Evet üzerinden bayağı zaman geçti, birkaç gündür yazmak istiyordum ancak yazamadım.

24 Nisan günü Batman'da bir kaza kurşunuyla şehit olan Ermeni askerimiz Sevak Şahin Balıkçı için bu yazım.

Dinimiz bir, kültürümüz bir ama dilimiz ayrı olduğu için (!), bu kutsal görevi, vatani görevi yapmak istemeyen Türkiye vatandaşlarını düşündükçe, bu Ermeni kardeşimi saygıyla anıyorum. Bu bir ders aslında almak isteyene. Bir kaza kurşunu ile, şehidimizin babasını pek tatmin etmemiş olacak ki "Arkadaşının kaza kurşunu ile ölen kişi şehid olur mu" diye oğlunun şehitlik mertebesini kuşkuyla karşılayan, sanki; bir çatışmaya girse ve orada kahpelerin attığı bir kurşunla hayatını kaybetseydi biricik oğlu, belki daha az üzülecek olan o mağrur babaya şunu söylemek isterdim. "Bu ülkede yaşayan, bu ülkenin ekmeğini yiyen öyle hain, öyle şerefsiz kuklalar var ki, başlarındaki  adi itin emriyle askere gitmeyen, askerimize ateş açan haysiyetsizlere senin oğlunun askerliği ve Türk Bayrağına sarılı tabutu onların yüzlerine tokat gibi inmeli. Mekanı cennet olur inşallah."

23 Nisan 2011 Cumartesi

ŞÜKÜR KAVUŞTURANA

Daha yeni gördüm kapanan blogların açıldığını. Hemen yazayım istedim.
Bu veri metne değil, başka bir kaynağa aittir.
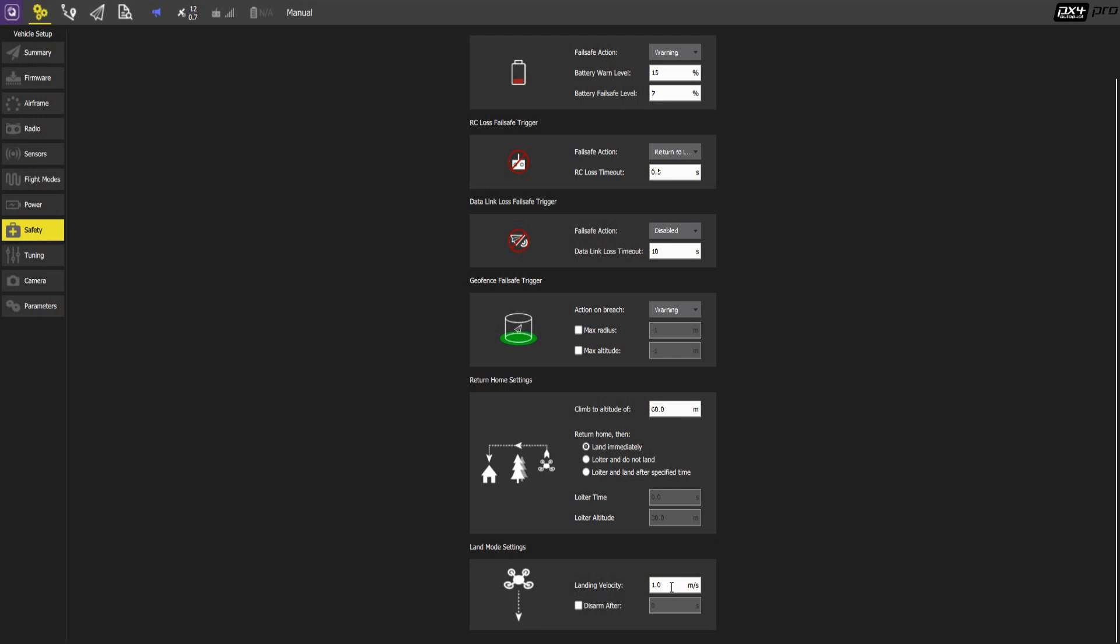And you can also set the land mode settings. So land at one meter per second and disarm after landing to check that is actually not a bad idea. The aircraft will just fall in the arms and you can pick it up from the ground.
Ne kadar uzun zaman geçti. Evladından ayrılmak gibi bir şeydi. Zaman zaman yazmak, gezdiğin yerleri resimleriyle paylaşmak, blogger dostlarının yazılarını okumak, yeni şeyler öğrenmek ve bunlardan birden mahrum kalmak. Şükür ki tekrar birlikteyiz.

Yeni yazılarımla inşallah yeniden birlikte olacağım sizlerle, hepinizi öpüyorum.